In October 2006, a longtime loyalist of Sen. Ted Stevens called him up with a big problem: The FBI, he said, was breathing down his neck about a makeover of the senator’s mountain cabin.
Stevens responded by cautioning the friend, Bill Allen, that they “ought to lay really low right now” and “stick this out together.”
Unknown to the veteran Alaskan lawmaker, Allen had already agreed to work with investigators and secretly tape their phone calls — evidence made public for the first time Monday at Stevens’ corruption trial.
Stevens, 84, is charged with lying on financial-disclosure forms to conceal more than $250,000 in cabin renovations and other gifts from Allen and his oil-pipeline firm, Veco Corp.
On tape, the senator tells his old drinking and fishing buddy that he’s worried about the appearance of wrongdoing and even warns that they might be under surveillance.
“I think they’re probably listening to this conversation right now,” he says.
“We might have to pay a fine and spend a little time in jail,” he continues. “I hope it doesn’t come to that.”
But Stevens repeatedly asserts his innocence.
“I don’t think we’ve done anything wrong,” he says in one conversation. “I’m not afraid of them at all.”
Allen pleaded guilty to bribing state lawmakers and agreed to testify against Stevens in exchange for immunity for his family and a possible break at sentencing.
There are no bribery charges against Stevens — a point that defense attorney Brendan Sullivan sought to drive home during a cross-examination of the government’s star witness that ate up the afternoon and was expected to continue this morning.
“You never sought to bribe Sen.

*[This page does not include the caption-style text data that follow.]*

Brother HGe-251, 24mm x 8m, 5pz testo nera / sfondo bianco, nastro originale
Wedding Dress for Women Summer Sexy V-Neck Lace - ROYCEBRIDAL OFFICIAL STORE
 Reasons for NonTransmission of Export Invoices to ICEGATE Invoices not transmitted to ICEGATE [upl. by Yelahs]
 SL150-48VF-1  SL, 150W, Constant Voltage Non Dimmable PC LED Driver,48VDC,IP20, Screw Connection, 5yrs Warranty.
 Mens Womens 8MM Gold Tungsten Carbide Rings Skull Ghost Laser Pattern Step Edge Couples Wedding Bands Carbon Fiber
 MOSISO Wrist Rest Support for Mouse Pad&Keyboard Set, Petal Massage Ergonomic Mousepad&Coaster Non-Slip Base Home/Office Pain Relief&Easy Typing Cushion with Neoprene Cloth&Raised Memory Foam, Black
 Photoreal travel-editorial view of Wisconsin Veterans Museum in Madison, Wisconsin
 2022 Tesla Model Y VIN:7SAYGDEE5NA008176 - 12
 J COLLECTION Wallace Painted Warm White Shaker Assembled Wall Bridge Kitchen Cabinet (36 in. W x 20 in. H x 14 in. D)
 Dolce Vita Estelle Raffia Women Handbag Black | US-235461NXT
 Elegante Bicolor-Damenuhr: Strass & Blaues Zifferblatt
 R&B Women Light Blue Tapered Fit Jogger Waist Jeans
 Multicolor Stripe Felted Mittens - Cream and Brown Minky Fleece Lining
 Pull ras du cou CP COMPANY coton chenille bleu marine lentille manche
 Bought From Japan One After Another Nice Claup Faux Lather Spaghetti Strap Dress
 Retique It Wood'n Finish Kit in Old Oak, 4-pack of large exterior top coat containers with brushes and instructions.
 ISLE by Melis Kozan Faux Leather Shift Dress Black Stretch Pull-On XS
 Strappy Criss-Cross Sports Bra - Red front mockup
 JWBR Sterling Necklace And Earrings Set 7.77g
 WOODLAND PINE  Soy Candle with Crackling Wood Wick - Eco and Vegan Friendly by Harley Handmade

Stevens, did you, sir?” he asked.
“No,” Allen replied.
The attorney also flustered Allen by challenging his testimony last week that one reason he ignored Stevens’ requests to bill him for renovations — aside from their friendship — was that a mutual friend told him the senator only wanted to pay lip service to ethics rules, not really pay up. The defense has sought to cast that claim as a fabrication extracted by prosecutors only two weeks before trial.
“When did you tell the government?” Sullivan asked. “It was just recently, wasn’t it?”
“No. No,” Allen said. “. . . I don’t know.”
Stevens says he asked Allen to oversee the project while he was in Washington but insists he sought to pay all the bills and had no idea his friend was absorbing most costs.
Earlier Monday, U.S. District Judge Emmet G. Sullivan ordered the government to file a formal response at the end of the day to repeated defense claims that prosecutors intentionally withheld evidence favorable to their client.